- **The problem**
Could you restate, exactly and with nothing added, the lines from the start of the data through the line that holds "7907 Saint Louis Dr — Photo 18", leaving the pictures out?

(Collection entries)
□ □ □ □ □
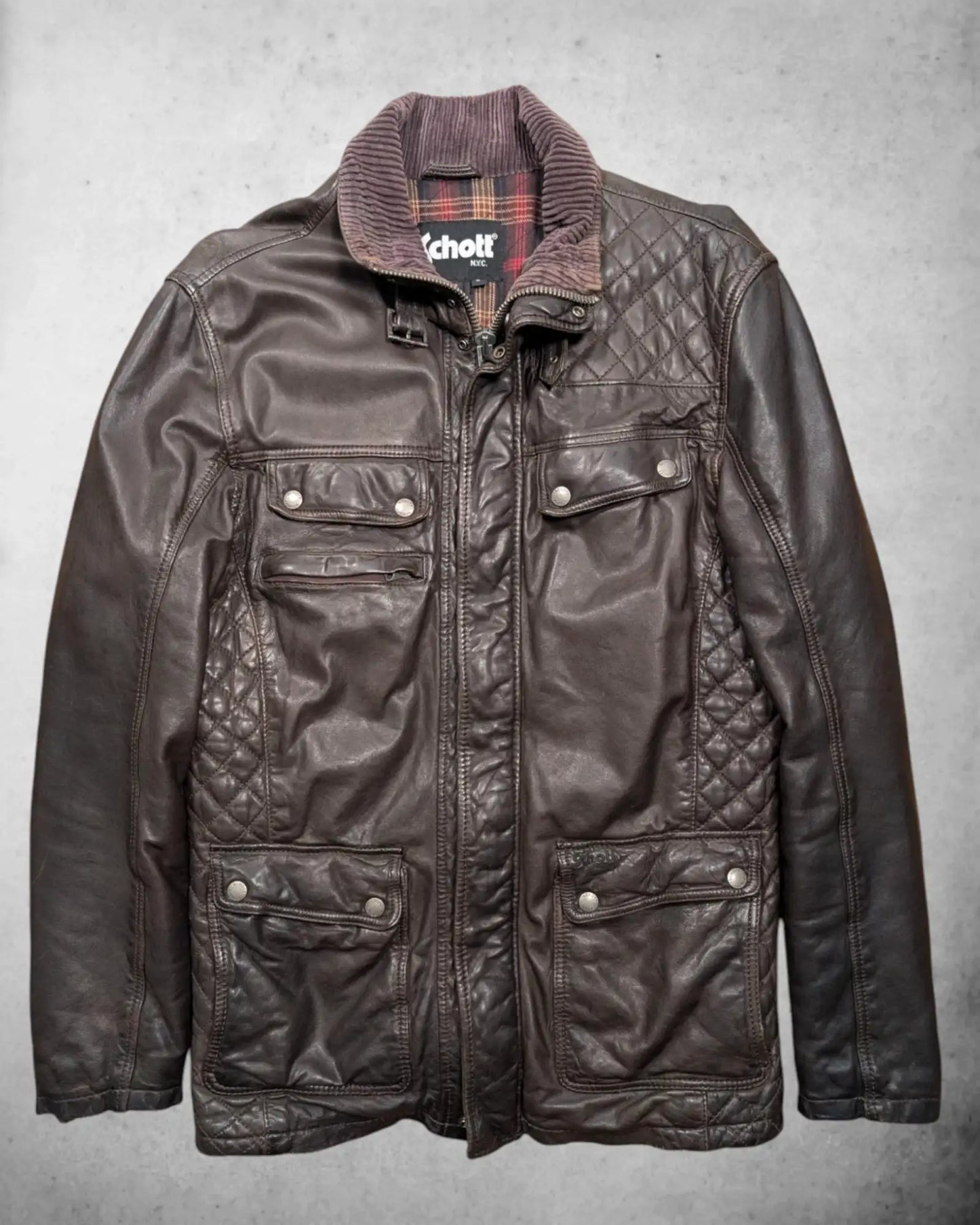 Frontalansicht Schott NYC Herren Lederjacke 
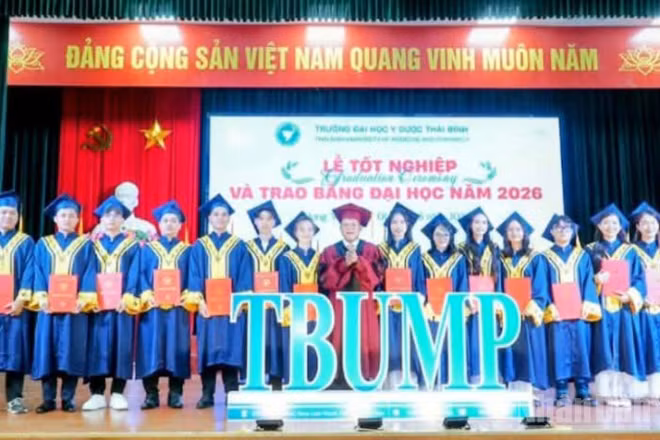 Tân bác sĩ, dược sĩ và cử nhân nhận bằng tốt nghiệp. 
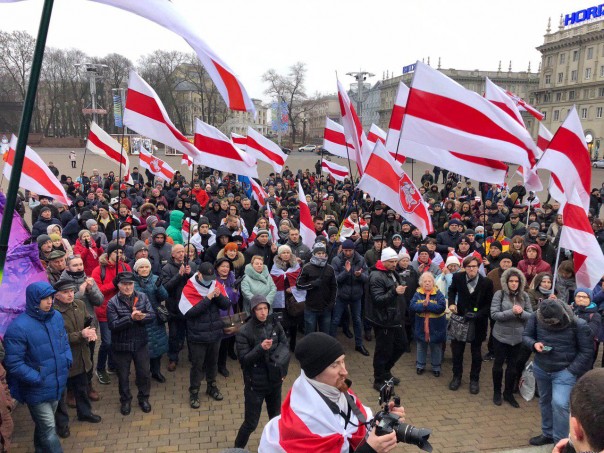 Сценарий русофобского Майдана в Минске неожиданно пошел насмарку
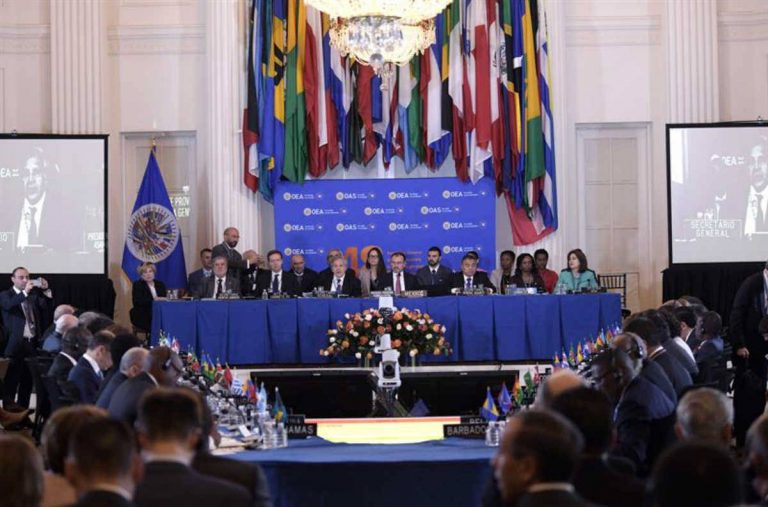 Venezuela dice que inició su salida de la OEA desde 2017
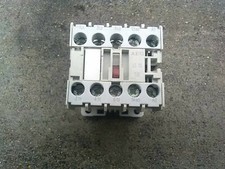  1 contacteur 20Amp 3 poles + NO   bobine : 230v AEG LS0510E ( frigo )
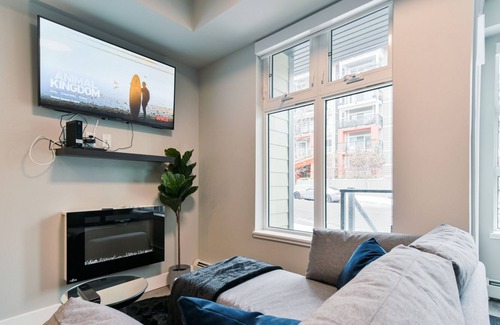 Bridgeland Apartment | Cozy Central Modern Getaway | Mins to DT | Mins to Stampede
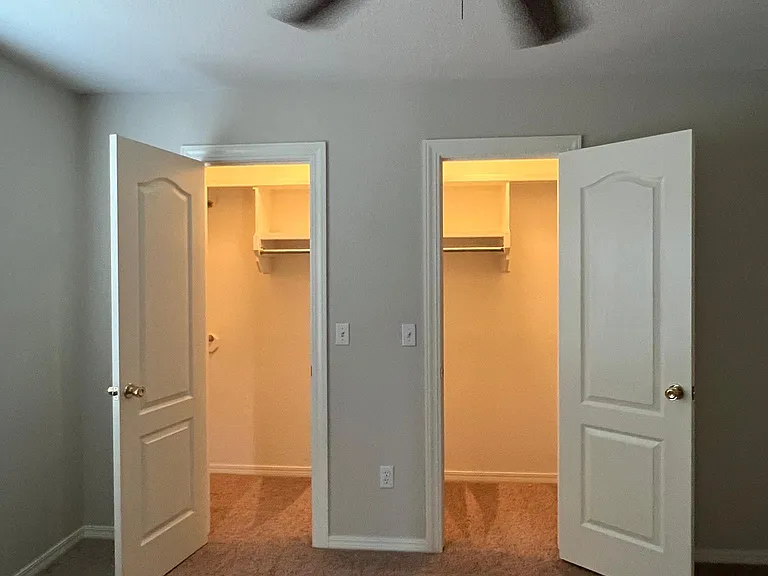 7907 Saint Louis Dr — Photo 18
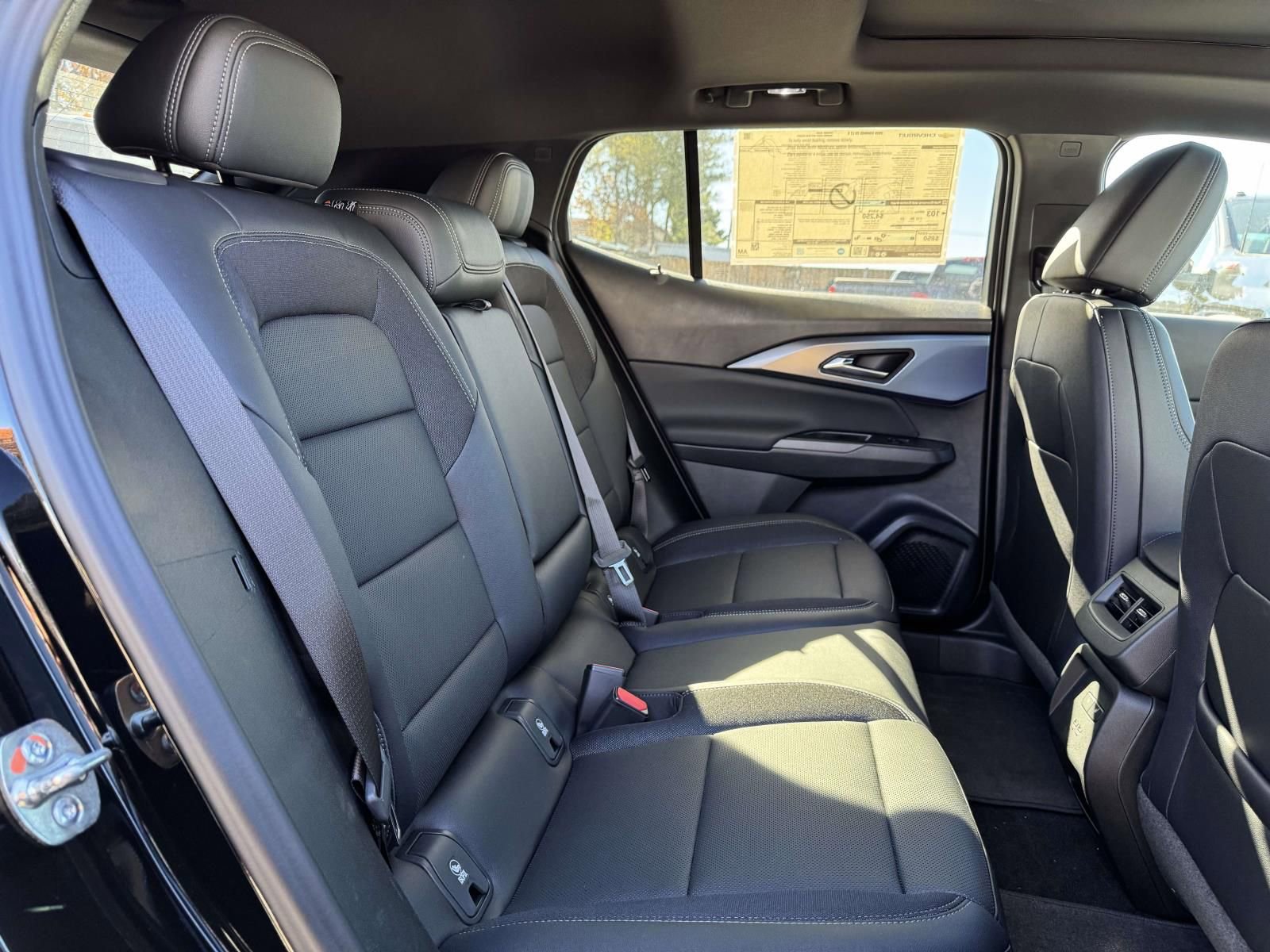 New 2026 Chevrolet Equinox EV LT w/ Convenience Package II AWD/4WD image 24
□ □ □ □ □
- **Your response**
 Frontalansicht Schott NYC Herren Lederjacke 
 Tân bác sĩ, dược sĩ và cử nhân nhận bằng tốt nghiệp. 
 Сценарий русофобского Майдана в Минске неожиданно пошел насмарку
 Venezuela dice que inició su salida de la OEA desde 2017
  1 contacteur 20Amp 3 poles + NO   bobine : 230v AEG LS0510E ( frigo )
 Bridgeland Apartment | Cozy Central Modern Getaway | Mins to DT | Mins to Stampede
 7907 Saint Louis Dr — Photo 18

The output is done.